# Really dumb question for you guys



## browningboy (Mar 30, 2003)

Im pretty new to deer hunting and im wondering if baiting is illegal?


----------



## dblkluk (Oct 3, 2002)

Not in ND.


----------



## buckseye (Dec 8, 2003)

Yeh it is, check the regs....


----------



## Hoggr (May 28, 2002)

Not in Nodak


----------



## Robert A. Langager (Feb 22, 2002)

From the NDGF website. This is all it says about baiting. It appears to be legal other than on WMAs.

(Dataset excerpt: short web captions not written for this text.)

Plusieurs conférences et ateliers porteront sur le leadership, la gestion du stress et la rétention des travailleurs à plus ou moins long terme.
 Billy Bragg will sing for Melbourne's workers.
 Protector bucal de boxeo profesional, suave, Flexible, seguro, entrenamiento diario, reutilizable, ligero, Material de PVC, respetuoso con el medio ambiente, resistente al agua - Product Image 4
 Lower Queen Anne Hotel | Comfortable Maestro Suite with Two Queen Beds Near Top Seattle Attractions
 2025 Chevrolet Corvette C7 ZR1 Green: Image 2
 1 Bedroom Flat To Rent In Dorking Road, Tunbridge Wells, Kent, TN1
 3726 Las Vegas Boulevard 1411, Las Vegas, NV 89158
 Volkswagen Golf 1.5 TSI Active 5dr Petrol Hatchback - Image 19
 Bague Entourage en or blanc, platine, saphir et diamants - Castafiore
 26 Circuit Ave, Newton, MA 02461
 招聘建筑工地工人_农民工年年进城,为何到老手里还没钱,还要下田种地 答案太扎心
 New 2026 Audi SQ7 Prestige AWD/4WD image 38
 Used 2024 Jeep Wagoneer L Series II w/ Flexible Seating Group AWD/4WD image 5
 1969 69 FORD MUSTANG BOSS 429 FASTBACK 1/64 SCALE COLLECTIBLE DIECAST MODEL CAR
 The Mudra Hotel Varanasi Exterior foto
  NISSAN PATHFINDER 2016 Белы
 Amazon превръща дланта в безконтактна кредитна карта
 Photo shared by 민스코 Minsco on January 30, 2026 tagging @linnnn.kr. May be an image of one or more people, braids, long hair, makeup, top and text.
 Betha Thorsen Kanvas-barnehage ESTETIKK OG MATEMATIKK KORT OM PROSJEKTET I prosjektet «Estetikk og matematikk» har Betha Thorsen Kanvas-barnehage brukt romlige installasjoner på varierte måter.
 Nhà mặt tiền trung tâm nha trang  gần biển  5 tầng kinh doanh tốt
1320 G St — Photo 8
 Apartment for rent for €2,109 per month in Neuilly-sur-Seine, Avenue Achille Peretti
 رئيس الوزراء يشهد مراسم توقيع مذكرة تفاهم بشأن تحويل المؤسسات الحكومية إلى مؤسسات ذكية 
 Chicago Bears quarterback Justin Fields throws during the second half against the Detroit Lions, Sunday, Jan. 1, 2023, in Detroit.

*Baiting Restrictions. Baiting on Department Wildlife Management Areas (WMAs) is prohibited. Baiting is defined as the placement and or use of bait(s) for attracting big game and other wildlife to a specific location for the purpose of hunting. Baits include but are not limited to grains, minerals, salts, fruits, vegetables, hay or any other natural or manufactured foods. The designation does not apply to the use of scents and lures, water, food plots, standing crops, or livestock feeds being used in standard practices.*

Hope that helps.

RC


----------



## browningboy (Mar 30, 2003)

so on private land u can bait then?


----------



## dblkluk (Oct 3, 2002)

Yep! Unless its in P.L.O.T.S


----------



## Ranger_Compact (Nov 2, 2005)

I sure hope its legal... :stirpot:


----------



## buckseye (Dec 8, 2003)

browningboy...be careful who you trust on here :roll:


----------



## dblkluk (Oct 3, 2002)

Buckseye, Could you show me in the regs were it is illegal? I might be missing something.. 
I thought I remember you mentioning you hunt over bait. Or am I mistaken?


----------



## buckseye (Dec 8, 2003)

oops my bad... sorry dblkluk I misread illegal... sorry again man!!


----------



## t_lowe_3081 (Oct 10, 2005)

well, over here in ky. its legal to bait deer. not to say it is in nd. but it is down here.


----------